[Short descriptive text snippets]
▼

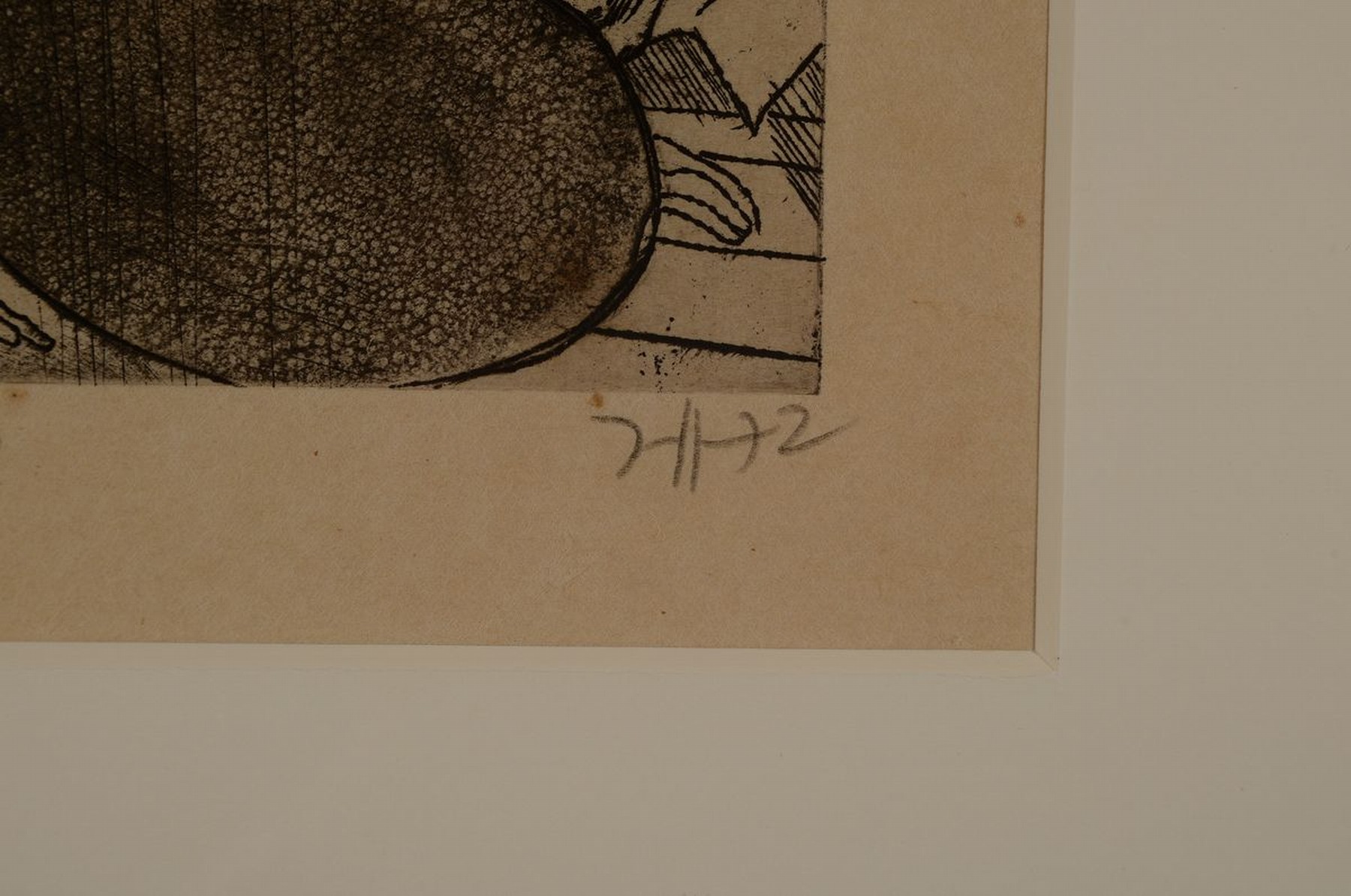 Detail a: Horst Janssen, 1929 - 1995, Radierung, "Selbstporträt Biber", handsigniert, num. 53/100, dat. 1.11.1972, Blattgr. 30.8 x 23.8 cm, Rahmen ...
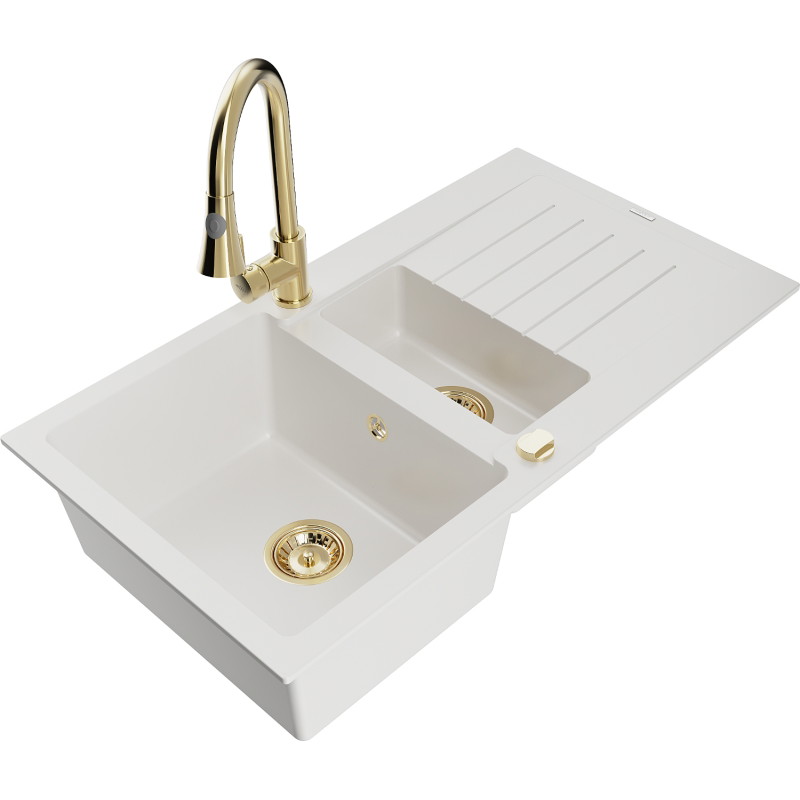 Mexen Matias granite kitchen sink 1.5 bowl with drainer and Elia faucet, white - 6502-20-670101-50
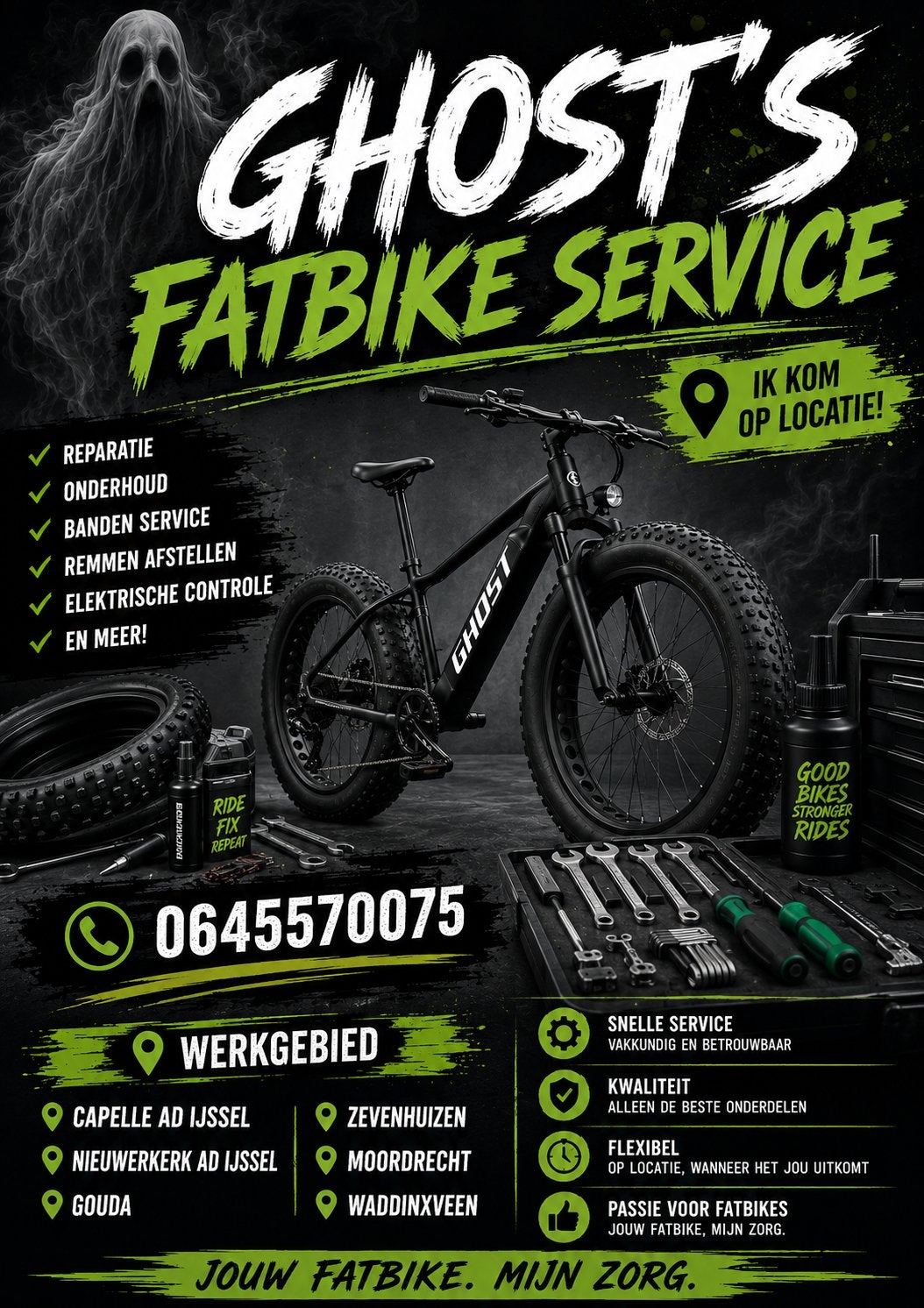 Fatbike reparaties op locatie, omgeving zuidplas, Ophalen, Fatbike, Band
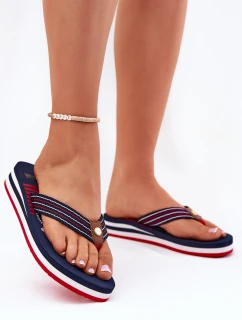 Damskie Klapki Japonki Na Koturnie Big Star RR274A126 Granatowe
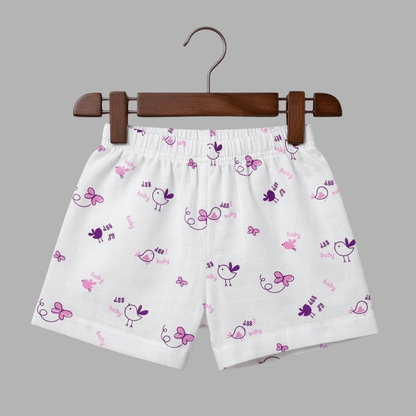 Purple Birdie Summer Cotton Snap Up Jhabla & Shorts Set
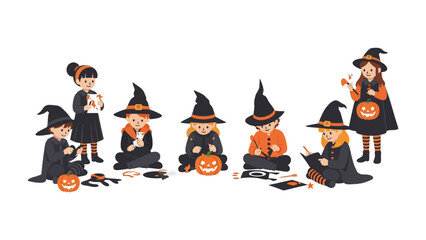 Halloween Fun: Adorable children dressed in whimsical costumes joyfully participate in a creative workshop, carving pumpkins and immersed in the spirit of the season.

▲

Task instructions: Copy exactly the lines from the line that contains "Purple Birdie Summer" through the last line of the records above, both ends included, but leave out the pictures.

Answer for this exercise:
 Purple Birdie Summer Cotton Snap Up Jhabla & Shorts Set
 Halloween Fun: Adorable children dressed in whimsical costumes joyfully participate in a creative workshop, carving pumpkins and immersed in the spirit of the season.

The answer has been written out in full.